After suggesting he wants the next generation of production to “happen right here in our great homeland — America,” he discussed taking the United States forward by going backward to a rapidly disappearing fossil-fuel-based economy.
“I will cancel job-killing restrictions on the production of American energy, including shale energy and clean coal,” Trump said. “[It will create] many millions of high-paying jobs. That’s what we want. That’s what we’ve been waiting for.”
What Trump referred to as “shale energy” is the extraction of natural gas through the process of hydraulic fracturing or, as it’s more commonly known, fracking. While fracking has provided an increase in natural gas production, lowering the price significantly, it is not without controversy.

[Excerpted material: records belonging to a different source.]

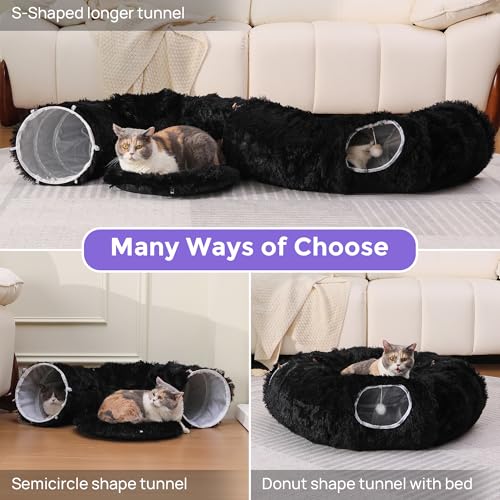 Plush Cat Tunnel Bed for Indoor Cats with Soft Cushion, Multi-Shape Play Cave with Hanging Balls, Large and Foldable Cat Donut Tunnel for Small and Large Pets (Black) - color: Black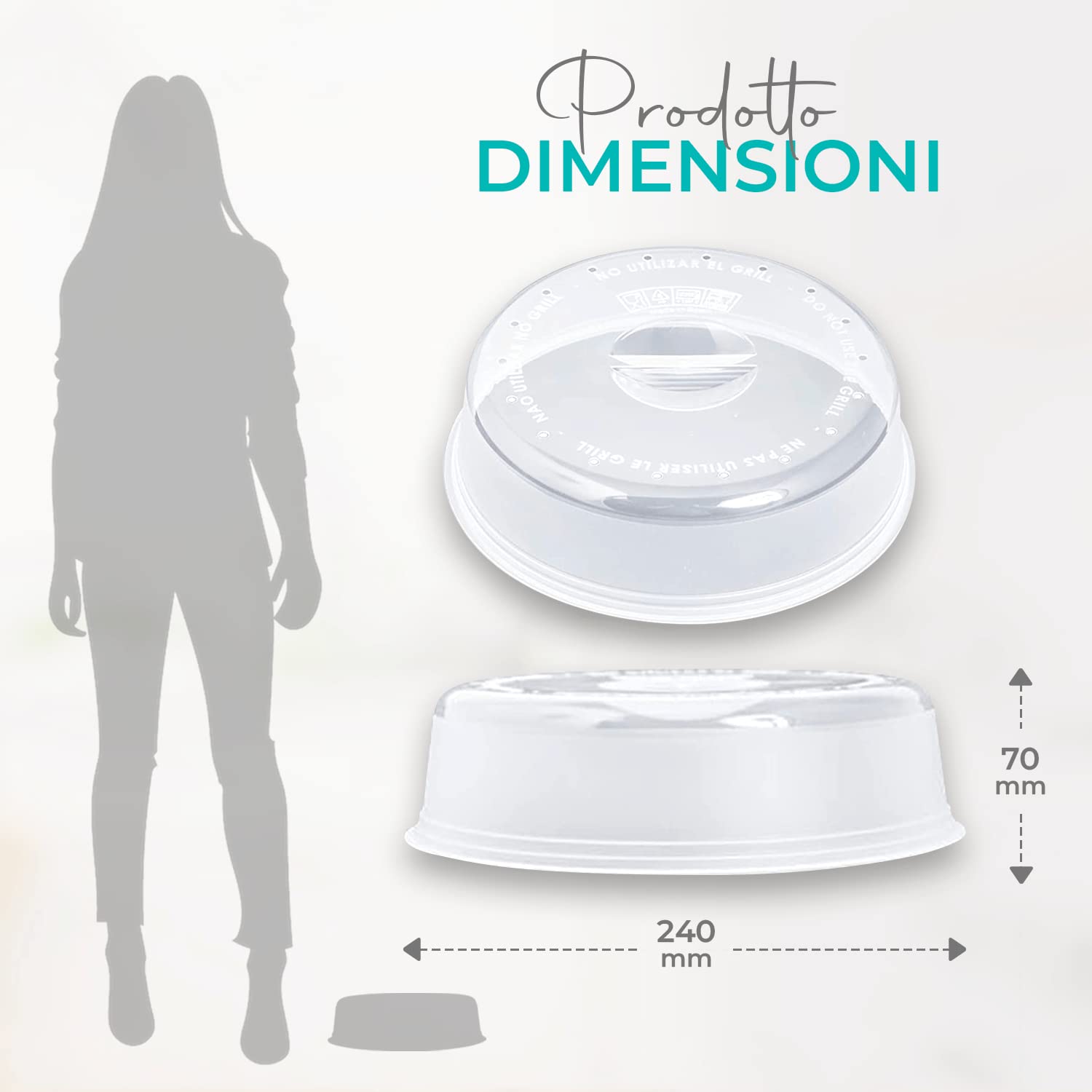 Coperchio Microonde Antischizzo - 2 Pezzi, Diametro 24 Cm, Senza BPA, Lavabile In Lavastoviglie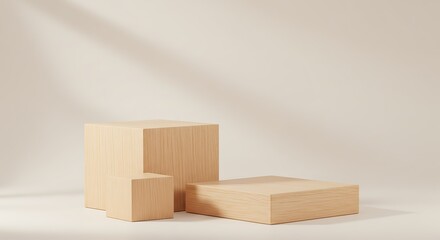 Obraz premium Wooden Cubes Product Display with Sunlight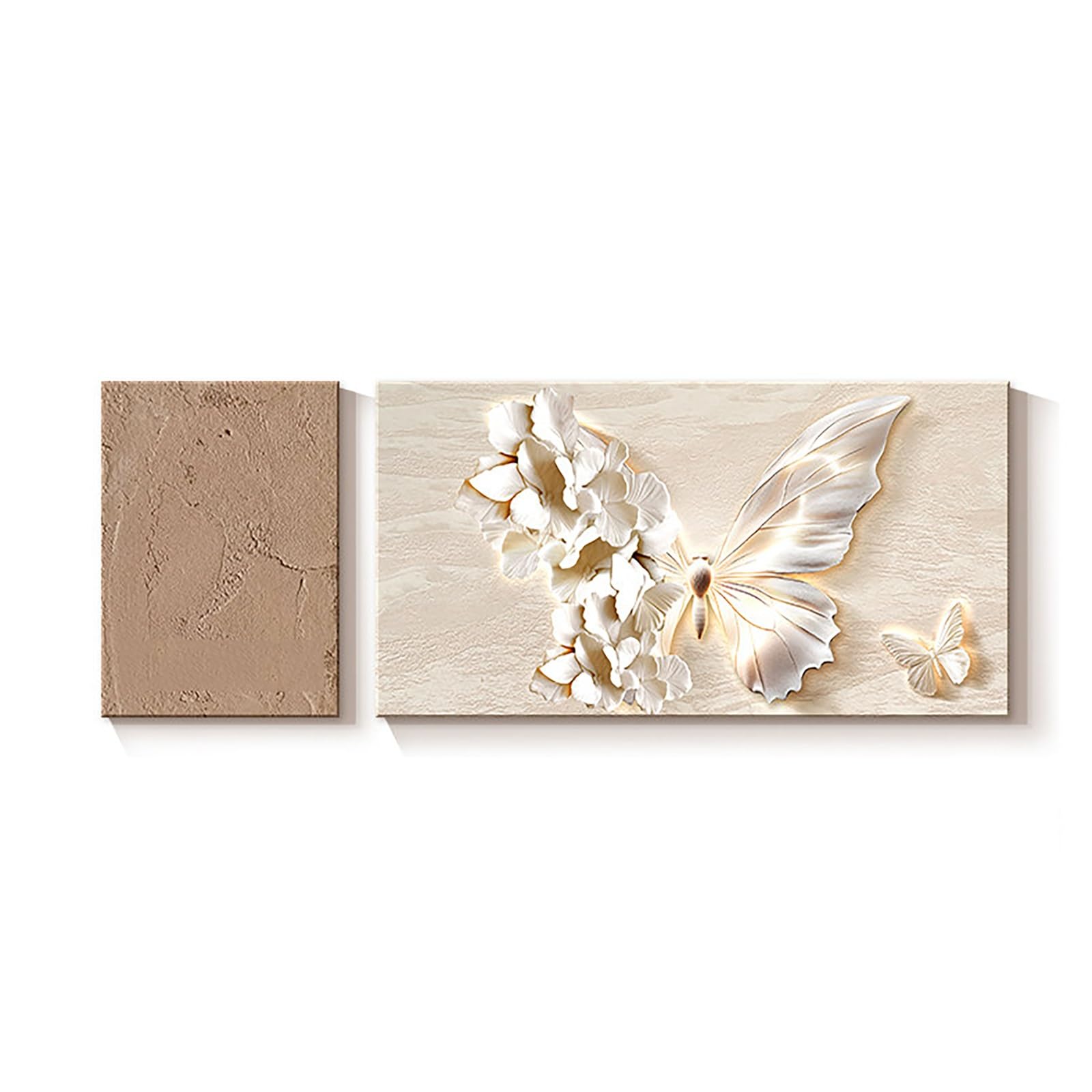 ZCQMSCWW Modern 3D Sandstone Textured Wall Art, Butterfly & Floral Decor, Plug-in Decorations, 2-Piece Set for Living Room, Bedroom, Hallway(A,70 * 140cm/27.5 * 55.1in)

Environmental activists have demanded for years access to the formula for the fluid used in the fracking process, which they claim poisons water tables and renders them unusable for drinking water. There are also allegations that it creates instability in the ground and causes earthquakes in places like Ohio and Oklahoma, where the practice is common.
As for Trump’s claim about “clean coal,” it hurts his case that there is no such thing. While some analysts suggest cleaner coal is possible, it likely won’t be ready for full-scale production until at least 2030, meaning bringing back “clean coal” jobs could be at least 14 years off — so far into the future that it won’t help the current deplorable job situation in coal country.
In contrast, re-training coal miners as solar installers is not only underway, but provides a much stronger and stable future for the former coal employees. Far from being a dying industry, the solar industry now employs more people in the United States than the coal industry.
But it appears the attempt to march backwards to fossil fuels has already begun. Oil and gas stocks are booming, and Energy Transfer Partners and Sunoco Logistics Partners combined in a $20 billion merger yesterday in what some analysts are calling the first energy merger of the Trump presidency.
See Trump’s “major policy speech:”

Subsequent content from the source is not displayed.